Perhaps overlooked in what was a busy week is how the opposition to what is the central provision of what has been called Comprehensive Immigration Reform collapsed, and how a clear national consensus to offer undocumented immigrants legal work status and a path to citizenship has emerged.  This is no small accomplishment, no small development in what has been a very difficult debate, and must be seen as a tremendous victory for Senator Kennedy and those advocating sensible reform.

This opposition, which now includes Republican Presidential candidate Mitt Romney, while it has had many components, has been led since late 2005 by Congressional Republicans.  Their goal was to defeat any bill that had legalized the work status and offered a path to citizenship to the 12 million undocumented immigrants and their families.  Ten of millions of dollars of ads were run in races across the country demonizing Hispanic immigrants and supporters of sensible reform, and in many cases, the ads compared Mexican immigrants to Muslim terrorists.   It was a central plank of virtually every Republican campaign in the nation, from Rick Santorum to JD Hayworth.  While the President and some Senators, led by John McCain, opposed this strategy, they failed to persuade their colleagues and the ads and the campaign continued.

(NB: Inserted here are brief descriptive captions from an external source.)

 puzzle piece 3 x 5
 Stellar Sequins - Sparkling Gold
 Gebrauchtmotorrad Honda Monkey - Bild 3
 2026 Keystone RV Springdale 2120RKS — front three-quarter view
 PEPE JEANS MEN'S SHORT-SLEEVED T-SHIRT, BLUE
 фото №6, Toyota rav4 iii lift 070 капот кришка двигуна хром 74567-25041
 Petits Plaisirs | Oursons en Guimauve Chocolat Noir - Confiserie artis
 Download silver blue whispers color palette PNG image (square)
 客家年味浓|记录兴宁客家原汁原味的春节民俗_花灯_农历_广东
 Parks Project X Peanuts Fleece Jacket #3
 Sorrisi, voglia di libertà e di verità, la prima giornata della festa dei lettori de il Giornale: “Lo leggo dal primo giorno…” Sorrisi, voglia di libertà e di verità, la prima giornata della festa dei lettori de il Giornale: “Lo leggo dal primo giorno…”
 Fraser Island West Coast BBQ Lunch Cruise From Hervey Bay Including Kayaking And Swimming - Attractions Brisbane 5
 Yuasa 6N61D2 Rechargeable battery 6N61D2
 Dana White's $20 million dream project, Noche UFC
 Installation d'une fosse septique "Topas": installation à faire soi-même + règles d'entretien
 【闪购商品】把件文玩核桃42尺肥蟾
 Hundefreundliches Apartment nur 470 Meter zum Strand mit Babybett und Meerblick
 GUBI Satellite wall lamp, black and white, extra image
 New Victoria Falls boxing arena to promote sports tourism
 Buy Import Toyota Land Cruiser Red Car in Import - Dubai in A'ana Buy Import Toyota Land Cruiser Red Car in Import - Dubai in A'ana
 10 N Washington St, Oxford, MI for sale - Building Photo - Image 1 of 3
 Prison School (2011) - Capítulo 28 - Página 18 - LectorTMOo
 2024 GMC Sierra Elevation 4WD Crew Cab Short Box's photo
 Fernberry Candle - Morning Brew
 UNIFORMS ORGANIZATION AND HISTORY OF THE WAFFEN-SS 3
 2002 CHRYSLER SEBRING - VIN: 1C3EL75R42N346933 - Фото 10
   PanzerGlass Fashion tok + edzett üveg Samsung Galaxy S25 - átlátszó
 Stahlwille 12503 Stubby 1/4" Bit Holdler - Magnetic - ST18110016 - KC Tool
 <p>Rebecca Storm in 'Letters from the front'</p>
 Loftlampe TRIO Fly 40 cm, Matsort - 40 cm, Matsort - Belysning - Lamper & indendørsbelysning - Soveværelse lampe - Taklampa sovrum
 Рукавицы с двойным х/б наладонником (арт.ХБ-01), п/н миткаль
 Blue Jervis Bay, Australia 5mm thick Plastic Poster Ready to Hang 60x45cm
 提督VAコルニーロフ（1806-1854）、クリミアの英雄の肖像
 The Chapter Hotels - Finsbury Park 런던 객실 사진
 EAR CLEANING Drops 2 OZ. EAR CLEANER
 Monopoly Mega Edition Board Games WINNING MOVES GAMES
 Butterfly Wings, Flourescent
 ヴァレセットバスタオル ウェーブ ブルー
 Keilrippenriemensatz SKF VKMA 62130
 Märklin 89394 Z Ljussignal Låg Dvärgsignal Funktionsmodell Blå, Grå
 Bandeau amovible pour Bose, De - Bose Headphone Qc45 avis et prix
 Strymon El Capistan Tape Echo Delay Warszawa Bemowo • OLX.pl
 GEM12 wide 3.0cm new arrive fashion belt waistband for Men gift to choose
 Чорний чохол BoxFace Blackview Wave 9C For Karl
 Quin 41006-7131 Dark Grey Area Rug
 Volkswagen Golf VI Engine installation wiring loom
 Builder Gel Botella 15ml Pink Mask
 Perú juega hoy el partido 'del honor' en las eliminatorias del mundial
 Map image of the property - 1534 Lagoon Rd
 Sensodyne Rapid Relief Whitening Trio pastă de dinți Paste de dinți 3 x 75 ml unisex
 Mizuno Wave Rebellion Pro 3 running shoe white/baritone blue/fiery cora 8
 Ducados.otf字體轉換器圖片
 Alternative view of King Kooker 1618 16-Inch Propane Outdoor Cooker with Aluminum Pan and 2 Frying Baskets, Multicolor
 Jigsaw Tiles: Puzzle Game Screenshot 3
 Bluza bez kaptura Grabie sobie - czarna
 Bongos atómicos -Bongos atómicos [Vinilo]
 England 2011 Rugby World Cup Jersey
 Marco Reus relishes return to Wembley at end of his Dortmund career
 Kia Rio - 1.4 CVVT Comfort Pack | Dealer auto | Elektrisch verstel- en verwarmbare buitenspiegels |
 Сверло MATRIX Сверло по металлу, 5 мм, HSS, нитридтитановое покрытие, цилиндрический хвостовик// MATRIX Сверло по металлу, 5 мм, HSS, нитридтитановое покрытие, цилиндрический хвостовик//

This strategy, of course, didn’t work, and I believe was one of the most significant political miscalculations of a political party in the modern era.  The Republicans demonization of immigrants, reminiscent of Pete Wilson’s efforts in California in the 1990s cost their Party in three ways: first, it has tremendous opportunity costs.  The hundreds of millions of dollars of paid and free media they invested in the issue gained them little or nothing politically.  This money and time and message could have been spent much more productively for them in other ways.  Second, it deeply angered Hispanics, the fastest growing part of the American electorate.  Hispanics swung 20 points to the Democrats and their turnout went up 33% from 2002.  And finally, it reinforced the central argument of the Democrats in 2006 – that Republicans were more interested in politics than solving the big problems facing the nation.  The national GOP whipped up a national frenzy around our “broken borders,” never offered a cogent solution to what is a very real problem and then blocked a sensible bi-partisan effort that would have gone a long way to mending our broken immigration system.

Which brings us to this week.  While we believe the new Senate bill needs further improvement, there should be little doubt that the Republican Party, Republicans in the Senate and the American people have joined the Democrats in embracing the central tenet of what progressives have fought for in this debate – a path to citizenship.  Opponents to the 2006 Senate bill like John Kyl have now embraced the citizenship provisions.  The new Chair of the RNC is a pro-immigration reform Hispanic immigrant, Mel Martinez.  And a new New York Times poll out today shows two-thirds of the nation now supporting a path to citizenship for undocumented immigrants (

While there is a long way to go in this debate, their should be little doubt now that the nation and the leaders of both parties have come to consensus on one central tenet of the immigration debate – there must be a path to citizenship for undocumented immigrants.  For those of us in the trenches on this tough and important issue, we should sit back and recognize that for all the anger and contention significant progress has been made, and it is now much more likely that the lives of 12 million people will be dramatically improved this year. 

Finally, it should be noted that yesterday the Congress voted overwhelmingly to raise the minimum wage.  This has been a very high priority for NDN, and coupled with the progress made on immigration reform, demonstrates that this new Congress is taking the necessary steps to help improve the lives of those people in the United States struggling the hardest to get ahead.  If immigration reform passes this year, tens of millions of families will have had their lives directly affected, and improved, by the actions of this new Congress.  Given the inaction of recent years, these are no small accomplishments for Leader Reid and Speaker Pelosi.